As editor, Daniels quickly developed a reputation for himself and his newspaper as voices of white southern liberalism. Like other white southern liberals of his generation, he remained committed to segregation, a position that would begin to change only during World War II. What made him and his contemporaries "liberals" on race in the prewar era was a desire to see more justice and opportunity for blacks within the segregated system.

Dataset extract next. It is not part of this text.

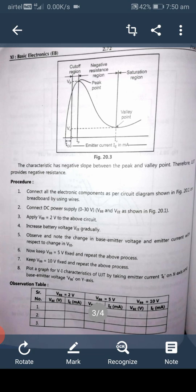Apply VBB equal to 2 volts to the circuit. Increase the battery voltage VE gradually. Observe and note the change in base-emitter voltage and emitter current with respect to the change in VEE.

Whereas various southern radicals, including socialists and communists, worked to unite blacks and whites in a class-based struggle, liberals were reluctant to challenge — and in many instances shared — fellow white southerners' taboos against "social equality." They opposed lynching but were not universally in favor of federal anti-lynching legislation, and they advocated reform in areas such as education, employment, and the quality of racial justice meted out in southern courts.18 In Daniels' case, as in many others, racial liberalism was part of a broader inclination toward economic and cultural "progress" in the South and especially freedom of speech and thought. His focus on race issues intensified over time because whites' efforts to keep blacks down had done so much to keep the South down as well. The South, in turn, was "the Nation's No. 1 economic problem," requiring attention from the federal government and placing a premium on advice from pro-New Deal southern experts — the same politically connected white male liberals who formed the Southern Policy Committee and wrote the NEC Report on Economic Conditions of the South. Recent scholars are correct in seeing the most fertile "seeds of southern change" and particularly the origins of the long civil rights movement in a black-left-labor coalition rather than among white southern liberals.19 Nevertheless, the liberals' political influence in the New Deal era mattered, reshaping the relationship between the South and the nation by the early 1940s.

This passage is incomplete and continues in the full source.